The Accountant regia di Gavin O'Connor

Thriller
recensione di Eva Cabras

Christian Wolff è autistico, ma grazie alle tecniche militari del padre riesce a controllare la sindrome diventando un membro produttivo della società. La sua strabiliante abilità con i numeri lo porta a una fiorente carriera come contabile al servizio della comunità, ma anche al soldo di criminali internazionali che hanno bisogno di amministrare le loro entrate illecite.

Gavin O'Connor mette le mani sul primo super eroe commercialista della storia del cinema, sprecando una storia dalle potenzialità esplosive in un marasma di banalità. Sfuggente e misteriso, Wolff entra nel mirino delle autorità, scopre inaspettate connessioni emotive e smantella l'operazione truffaldina di un'azienda tecnologica dalle mire espansionistiche, impegnata nella falsificazione dei propri bilanci. Tra introduzione e flashback, The Accountant ci mostra gli anni della formazione di Wolff, il guerriero ossessivo-compulsivo che oscilla continuamente tra puro intelletto e pura fisicità. Il fascino del personaggio è innegabile, ma la scelta di Ben Affleck si rivela ben poco lucida. L'intenzione era probabilmente quella di sfruttare l'inespressività di Affleck, ma autistismo non coincide con due singole espressioni facciali, basate essenzialmente sul cambio di impostazione delle sopracciglia. Attorno alla faccia di gomma del protagonista si dipanano poi una serie di banalità talmente agghiccianti da distrarre in un attimo dalle scene d'azione ottimamente costruite di O'Connor. I cattivi presumibilmente italo-americani si chiamano Gambino e Little Tony (seriamente?), mentre il clou del genio di Wolff all'opera è raggiunto con lui che scrive numeri, funzioni e somme sulle pareti di vetro del proprio ufficio (soltando citanto A Beautiful Mind torniamo indietro al 2001).
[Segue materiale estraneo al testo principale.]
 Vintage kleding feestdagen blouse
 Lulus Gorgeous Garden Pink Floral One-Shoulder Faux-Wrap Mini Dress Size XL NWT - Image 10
A concludere il percorso di normalizzazione di The Accountant ci pensa il finale, in cui l'antieroe che tanto ci aveva coinvolto con le sue avventure criminali nel mondo della contabilità viene riassorbito nell'alveo dei buoni. Chiaramente non lavorava per i cattivi perché era a sua volta cattivo, avido o anaffettivo. Lo faceva per smascherare l'uomo nero dall'interno, nella miglior tradizione del polpettone redentore americano. Menzione speciale per Cynthia Addai-Robinson e J.K. Simmons, protagonisti di una storyline talmente inutile da far sbadigliare, utilizzata per consegnare nelle mani degli spettatori poche e neanche troppo interessanti informazioni sul contabile guerriero, come la sua fissa per gli pseudonimi ispirati a matematici famosi con la sindrome di Asperger. A dare finalmente un brivido a The Accountant accorre Jon Bernthal, che presta il volto a Brax, personaggio che non deve nascondere i propri scatti di violenza dietro propositi edificanti, perché semplicemente la violenza è il suo lavoro. Molti propositi promettenti e alcuni momenti di straniante umorismo non sopperiscono alla generale pesantezza del protagonista e agli svariati momenti di inconsistenza narrativa. Peccato.